Абсурд и самоубийство
Есть лишь один поистине серьезный философский вопрос — вопрос о самоубийстве. Решить, стоит ли жизнь труда быть прожитой или она того не стоит, — это значит ответить на основополагающий вопрос философии. Все прочие вопросы — имеет ли мир три измерения, существует ли девять или двенадцать категорий духа — следуют потом. Они всего лишь игра; сперва необходимо ответить на исходный вопрос. И если верно, что философ, дабы внушить уважение к себе, должен, как хотел того Ницше[5], служить примером для других, нельзя не уловить важность этого ответа — ведь он предшествует бесповоротному поступку. Для сердца все это непосредственно ощутимые очевидности, однако в них надо вникнуть глубже, чтобы сделать ясными для ума.
Спросив себя, а как можно судить, какой вопрос более настоятелен, чем другие, я отвечу: тот, который обязывает к действию.
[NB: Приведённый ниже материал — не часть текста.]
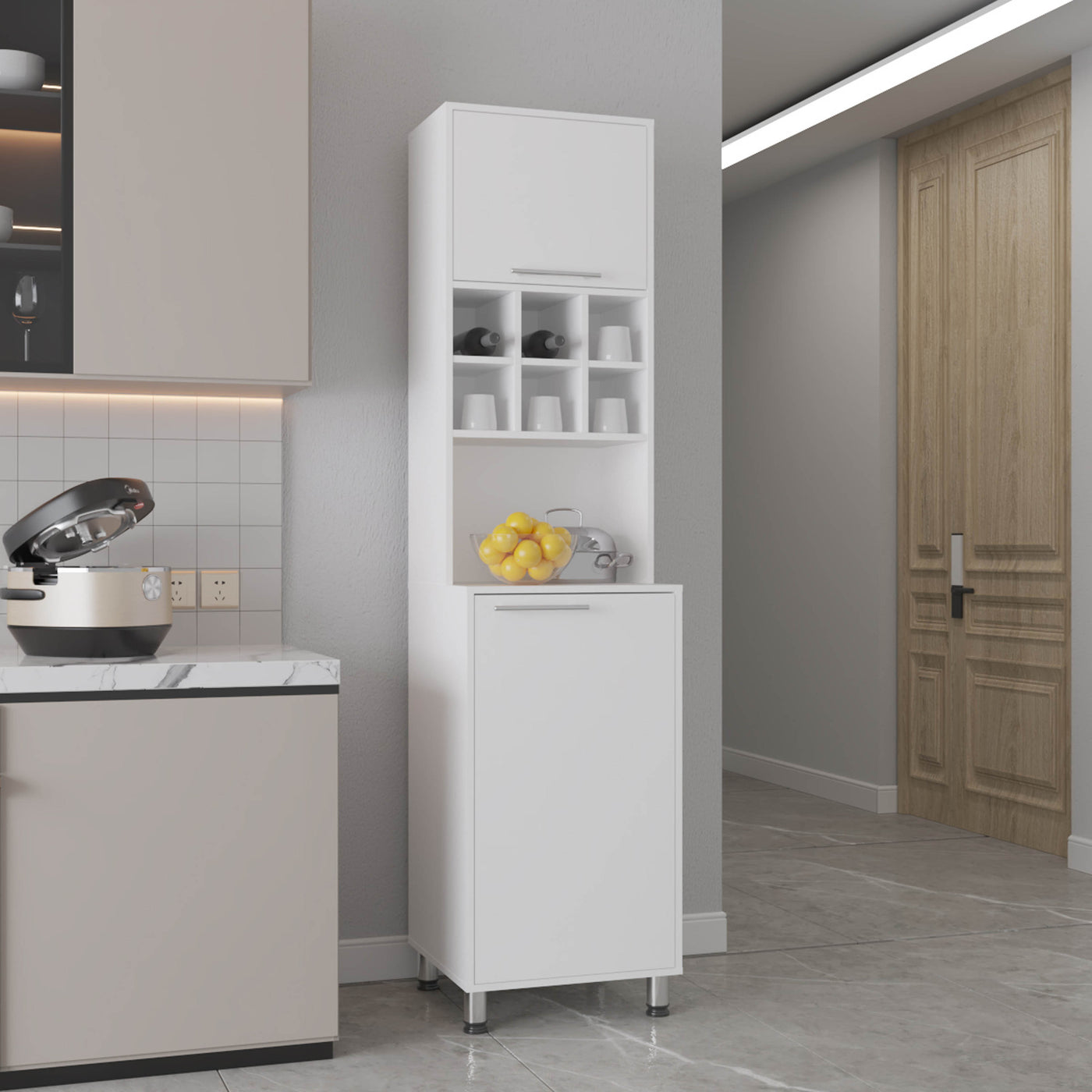 80" High Double Cabinet Kitchen Pantry Storage White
Мне неведомы случаи, когда бы шли на смерть ради онтологического доказательства. Галилей, обладавший весьма значительной научной истиной, легче легкого отрекся от нее, как только над его жизнью нависла угроза. В известном смысле он поступил правильно. Истина его не стоила того, чтобы сгореть за нее на костре. Вращается ли Земля вокруг Солнца или Солнце вокруг Земли — все это глубоко безразлично. Сказать по правде, вопрос этот просто-напросто никчемный. Зато я вижу, как много людей умирает, придя к убеждению, что жизнь не стоит труда быть прожитой. Я вижу других людей, которые парадоксальным образом умирают за идеи или иллюзии, придававшие смысл их жизни (то, что называют смыслом жизни, есть одновременно великолепный смысл смерти). Следовательно, я прихожу к заключению, что смысл жизни и есть неотложнейший из вопросов. Как на него ответить? Когда дело касается вещей сущностных — под ними я разумею те, что чреваты угрозой смерти, как и те, что удесятеряют страстную жажду жить, — у нашей мысли есть только два способа подступиться к ним: способ Ла Палиса[6] и способ Дон Кихота. Лишь сочетание самоочевидных истин с уравновешивающим их сердечным горением может открыть нам доступ одновременно и к душевному волнению и к ясности. Раз предмет рассмотрения так скромен и вместе с тем исполнен патетики, понятно, что ученая классическая диалектика должна уступить место менее притязательной установке ума, который бы пускал в ход совместно здравомыслие и приязнь.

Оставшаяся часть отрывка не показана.